- **WHAT THE EXERCISE ASKS**
Although the material holds pictures, none belong in the copy; transcribe exactly, and only, the lines from the one with "VKLU 4 Pack" through the end.

-- RECORDED INFORMATION follows --

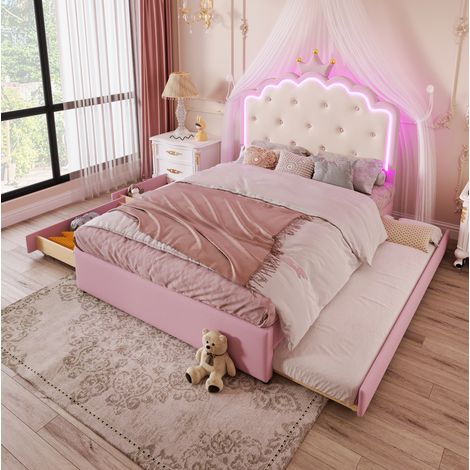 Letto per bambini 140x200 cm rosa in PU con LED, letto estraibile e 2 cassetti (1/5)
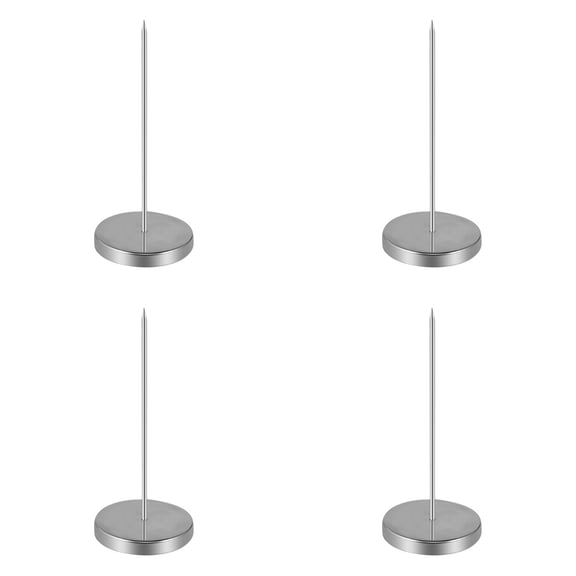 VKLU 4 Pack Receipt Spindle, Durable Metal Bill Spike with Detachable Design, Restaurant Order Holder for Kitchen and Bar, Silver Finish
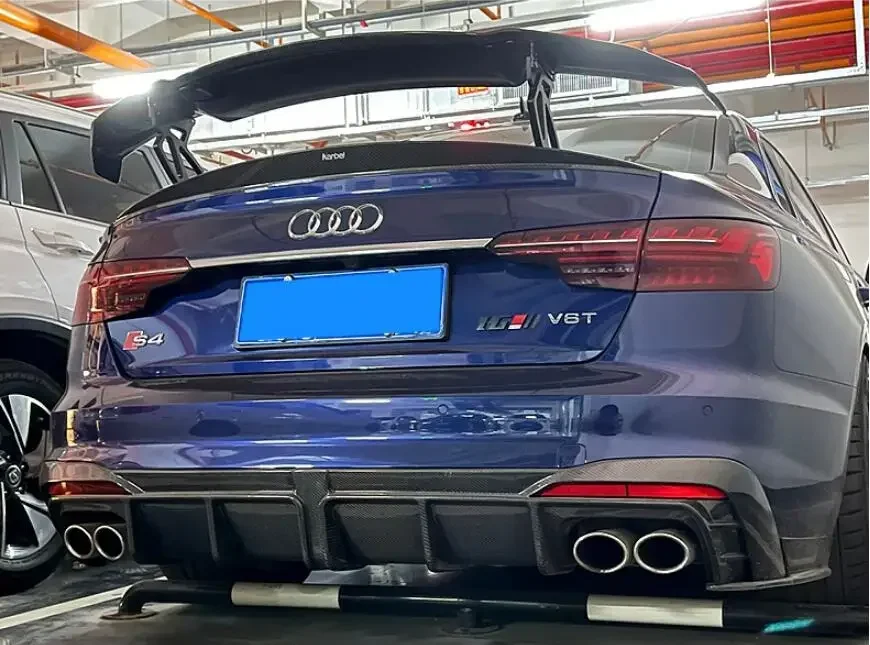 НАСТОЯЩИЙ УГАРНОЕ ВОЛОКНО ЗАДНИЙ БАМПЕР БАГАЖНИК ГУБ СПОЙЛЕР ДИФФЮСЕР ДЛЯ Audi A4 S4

-- RECORDED INFORMATION concluded --

- **EXERCISE SOLUTION**
 VKLU 4 Pack Receipt Spindle, Durable Metal Bill Spike with Detachable Design, Restaurant Order Holder for Kitchen and Bar, Silver Finish
 НАСТОЯЩИЙ УГАРНОЕ ВОЛОКНО ЗАДНИЙ БАМПЕР БАГАЖНИК ГУБ СПОЙЛЕР ДИФФЮСЕР ДЛЯ Audi A4 S4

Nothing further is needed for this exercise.